Cape family killed in plane crash

Tuesday, October 22, 2002

and Mark Bliss ~ Southeast Missourian

PARON, Ark. -- Relatives and friends came together bearing photographs Monday in memory of a Cape Girardeau family killed in a plane crash in central Arkansas.

"We have lost them all, we have lost everything," said Shafiq Malik, as he looked through tear-filled eyes at a wall in his home now adorned with photos of his brother, Dr. Mohammad Shakil, his wife, Farida, and the couple's four children.

The Shakils were killed when their single-engine Piper PA-32 went down near Paron, Ark., around 2:30 p.m. Sunday.

Their bodies were taken to the state crime laboratory in Little Rock, Ark., where they will be officially identified using dental records, said Saline County Coroner Will Bearden, who expects to release the bodies to their relatives some time today or Wednesday.

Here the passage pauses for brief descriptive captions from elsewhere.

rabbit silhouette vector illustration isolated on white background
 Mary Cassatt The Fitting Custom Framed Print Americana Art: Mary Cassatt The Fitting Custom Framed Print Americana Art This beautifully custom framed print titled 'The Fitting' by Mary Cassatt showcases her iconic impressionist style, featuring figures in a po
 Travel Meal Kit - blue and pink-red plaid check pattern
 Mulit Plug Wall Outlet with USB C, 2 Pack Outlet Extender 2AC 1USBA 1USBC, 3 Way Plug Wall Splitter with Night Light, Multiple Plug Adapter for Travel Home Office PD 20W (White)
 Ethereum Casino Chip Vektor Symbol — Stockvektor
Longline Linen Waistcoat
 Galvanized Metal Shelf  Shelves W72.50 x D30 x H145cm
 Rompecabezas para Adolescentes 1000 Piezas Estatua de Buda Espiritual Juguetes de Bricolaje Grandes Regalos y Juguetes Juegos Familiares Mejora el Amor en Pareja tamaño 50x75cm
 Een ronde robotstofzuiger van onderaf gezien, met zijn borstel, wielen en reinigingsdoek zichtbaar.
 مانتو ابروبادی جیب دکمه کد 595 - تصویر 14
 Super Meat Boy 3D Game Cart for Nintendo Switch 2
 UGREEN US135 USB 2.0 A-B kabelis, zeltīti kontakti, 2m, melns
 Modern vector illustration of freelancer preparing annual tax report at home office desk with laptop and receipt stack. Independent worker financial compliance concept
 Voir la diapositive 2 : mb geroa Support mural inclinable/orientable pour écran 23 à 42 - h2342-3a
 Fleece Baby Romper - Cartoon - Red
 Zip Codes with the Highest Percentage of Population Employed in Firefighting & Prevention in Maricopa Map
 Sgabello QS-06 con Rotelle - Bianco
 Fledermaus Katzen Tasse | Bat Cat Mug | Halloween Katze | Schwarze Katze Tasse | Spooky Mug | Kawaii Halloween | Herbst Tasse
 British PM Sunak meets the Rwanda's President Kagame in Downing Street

Sixteen-year-old Osman and his younger brother, Hassan, 14, attended Central High School. Sabeen, 13, attended St. Mary Cathedral School, and Rabiya, 11, was in the fifth grade at Jefferson Elementary.

In keeping with the family's religious beliefs, relatives hope to bury their loved ones as soon as possible.

"Our biggest concern right now is to get their bodies back here," Malik said.

Family members expect to decide the funeral arrangements sometime today.

Crash site remote

The Shakils spent the weekend in Hot Springs, Ark., attending a documentary and arts film festival.

Dr. Shakil, 53, piloted the six-seater plane as it plunged into woods near Wolf Creek, off Hub Road and Arkansas Route 9, at about 2:30 p.m.

The heavily wooded area in the Ouachita National Forest is so remote that investigators had to use ATVs to get to the crash site, said Federal Aviation Administration spokesman Roland Herwig.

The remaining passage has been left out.